Sekali lagi Allah mengabulkan permohonannya. Akhirnya dia dipertemukan dengan jodoh sejatinya. Hanya dalam hitungan minggu mereka pun memutuskan untuk menikah. Kali ini setiap kali diajak ikut pengajian dia tidak bisa ikut karena sibuk mengurus pernikahannya. Nanti saja kalau sudah menikah, aku akan ikut, katanya. Namun 3 bulan berlalu, dia masih sibuk dengan suami dan rumah tangga barunya.

Sampai akhirnya Allah memaksanya untuk kembali mendekat pada-Nya.

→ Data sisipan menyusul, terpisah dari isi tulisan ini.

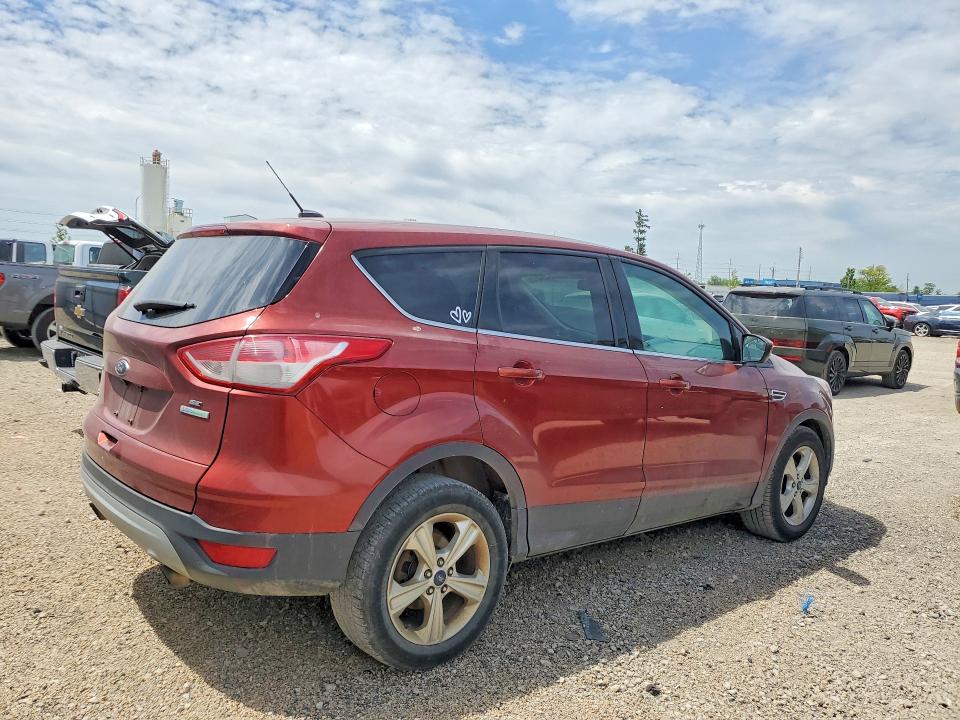 2015 Ford Escape მანქანა იყიდება აუქციონზე, vin: 1FMCU0GX0FUB01525, აუქციონის ნომერი: 55454126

Diambilnya sang janin. Ujian yang sangat berat bagi seorang wanita. Tetapi Allah yang Maha Rahman Rahim memilih waktu yang tepat yaitu di awal Ramadhan, agar Suci lebih mudah mendekat pada-Nya. Subhanallah! Begitulah cara Allah menyayangi hamba-Nya.

Sekarang bola ada di tangan Suci. Apakah dia mau kembali mendekat pada-Nya, dan dia temukan kebahagiaan, bahkan akan diganti-Nya dengan karunia yang berlipat ganda. Ataukah dia tetap seperti semula. Maka akan dia temukan kesedihan dan kekecewaan.

Dari peristiwa di atas baru kusadari bahwa ternyata aku mulai hafal dengan perilaku-Nya. Dulu setiap ada musibah, aku hanya menduga-duga saja, apa maksud Tuhan dengan musibah tersebut. Tapi kini, dengan sangat yakin, aku bisa tahu apa maksud Dia. Terima kasih ya Allah, Engkau mau mengenalkan Diri-Mu padaku.

Senin, 25 September 2006

Jalan Menuju Tuhan

Selama ini aku merenung, berpikir mengenai jalan menuju Tuhan. Mengapa jalan yang kutempuh bersama teman-teman begitu mudah dan cepat sampai ke Tuhan. Sementara beberapa orang harus berputar-putar dulu, melewati jalan yang sulit dan berliku , hingga akhirnya sampai juga ke Tuhan. Dari sebuah artikel dari orang yang sangat kuhormati, yang ruang spiritualnya sangat tinggi, aku memahami sesuatu.

Jalan menuju Tuhan sangat banyak, sejumlah nafas itu sendiri. Namun secara garis besar, ada 2 jalan yang ditempuh oleh para spiritualis. Pertama, adalah jalan yang berdasarkan dalil “Barangsiapa mengenal dirinya, maka dia akan mengenal Tuhannya.” Jalan ini banyak ditempuh oleh sebagian ahli sufi, yang diadopsi dari para filosof Yunani. Cara ini banyak dipakai oleh para pencari murni, yang belum panduan sama sekali tentang Tuhan.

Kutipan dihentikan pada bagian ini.